In diesem Sommer wechselten zwei DHB-Nachwuchs-Nationalspieler, Jannek Klein und Juri Knorr, zum FC Barcelona. Wie stehen Sie zu solchen Wechseln ins Ausland?
Jochen Beppler: Es ist etwas Besonderes, das hatten wir in Deutschland noch nicht so oft. Auch wenn Barcelona natürlich weiter weg ist, werden wir eine enge Verbindung zu beiden und ihren Trainer halten. Wolfgang Sommerfeld wird noch in diesem Jahr nach Barcelona reisen, um sie zu treffen und zu beobachten. Für die Spieler ist ein solcher Wechsel natürlich eine unglaublich wichtige Erfahrung, die sie über den Handball hinaus weiterbringen wird. Ein solcher Schritt beweist ja auch, dass beide den Weg in den Leistungssport eingeschlagen haben. Das Beispiel zeigt zudem, dass im Handball immer mehr international gescoutet und rekrutiert wird.

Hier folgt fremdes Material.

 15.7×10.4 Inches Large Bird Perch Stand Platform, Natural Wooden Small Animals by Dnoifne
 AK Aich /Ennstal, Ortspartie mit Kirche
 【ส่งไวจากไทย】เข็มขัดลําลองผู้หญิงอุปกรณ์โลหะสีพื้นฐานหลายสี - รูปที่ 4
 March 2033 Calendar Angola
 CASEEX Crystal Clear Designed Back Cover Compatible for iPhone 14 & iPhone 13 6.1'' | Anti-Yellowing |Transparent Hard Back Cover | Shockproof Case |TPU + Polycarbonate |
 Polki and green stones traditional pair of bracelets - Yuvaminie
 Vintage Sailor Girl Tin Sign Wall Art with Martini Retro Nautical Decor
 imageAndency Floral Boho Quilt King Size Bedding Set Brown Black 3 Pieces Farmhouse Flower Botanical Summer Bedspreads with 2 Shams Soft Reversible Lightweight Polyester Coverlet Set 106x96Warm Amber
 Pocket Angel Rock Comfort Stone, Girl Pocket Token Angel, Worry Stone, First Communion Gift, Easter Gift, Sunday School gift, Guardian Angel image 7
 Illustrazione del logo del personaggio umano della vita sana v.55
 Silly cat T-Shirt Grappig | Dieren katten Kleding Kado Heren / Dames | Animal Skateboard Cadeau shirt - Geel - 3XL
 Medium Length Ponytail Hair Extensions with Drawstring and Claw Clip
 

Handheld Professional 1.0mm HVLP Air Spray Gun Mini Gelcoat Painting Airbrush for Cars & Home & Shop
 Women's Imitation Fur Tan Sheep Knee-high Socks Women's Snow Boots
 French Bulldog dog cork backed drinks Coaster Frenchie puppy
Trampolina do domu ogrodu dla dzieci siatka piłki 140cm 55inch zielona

International geht es auch beim IHF/DHB-Trainersymposium zu, dass im Vorfeld der Männer-WM in München stattfindet. Was ist das Ziel dieser Veranstaltung?
Jochen Beppler: Das Motto „developing great handball players all over the world“ hat sowohl den Fokus, Spieler weiterzuentwickeln, aber eben auch einen übergreifenden, weltweiten Ansatz. Uns liegen beispielsweise schon sehr viele Anmeldungen von Trainer aus Asien vor. Es geht darum, einen Beitrag zu leisten, Handball zu einem global erfolgreichen Sport zu entwickeln und dazu muss man eben überall Spieler erfolgreich ausbilden. Als Referenten haben wir unter anderem Xavi Pascual vom FC Barcelona oder Dagur Sigurdsson gewinnen können. Wir werden zudem den deutschen und den dänischen Weg der Nachwuchsförderung aufzeigen. Für uns als DHB geht es natürlich auch darum, uns in der internationalen Handballfamilie zu positionieren und für unsere Sportart auch in diesem Bereich Verantwortung zu übernehmen.